→ Activity
All pictures are to be omitted while the lines starting at the line with "Python for Traders Masterclass" and ending at the line with "Фото - Кресло" in the material below are retyped exactly, both ends included.

→ Supplied material
((

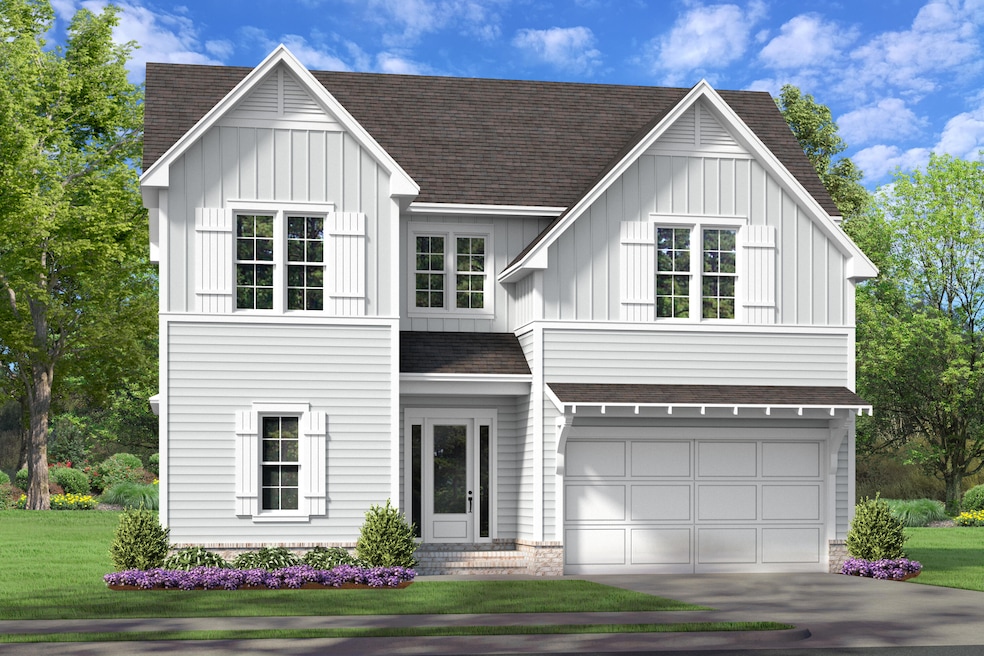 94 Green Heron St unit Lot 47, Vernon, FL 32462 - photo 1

))
((

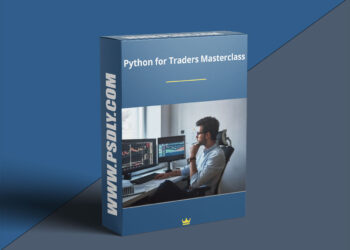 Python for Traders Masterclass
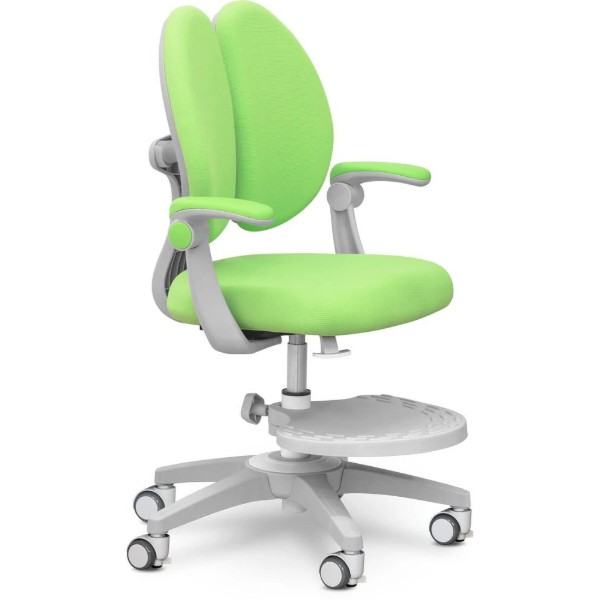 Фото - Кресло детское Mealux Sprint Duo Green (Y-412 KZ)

))
((

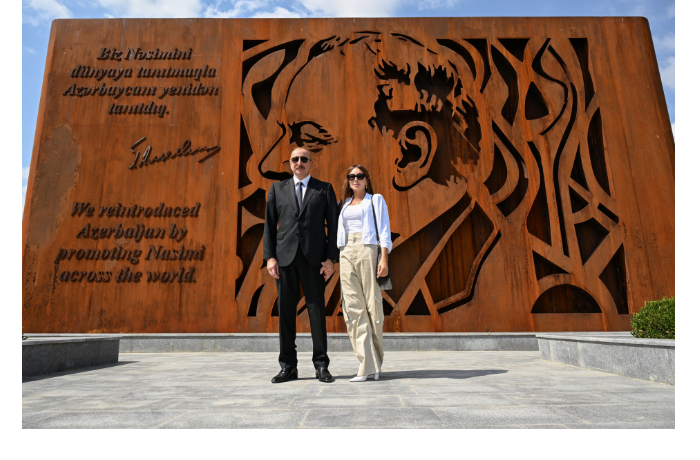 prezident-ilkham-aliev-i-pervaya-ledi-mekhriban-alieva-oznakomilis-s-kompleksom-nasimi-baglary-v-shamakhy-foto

))

→ Answer for this exercise
 Python for Traders Masterclass
 Фото - Кресло детское Mealux Sprint Duo Green (Y-412 KZ)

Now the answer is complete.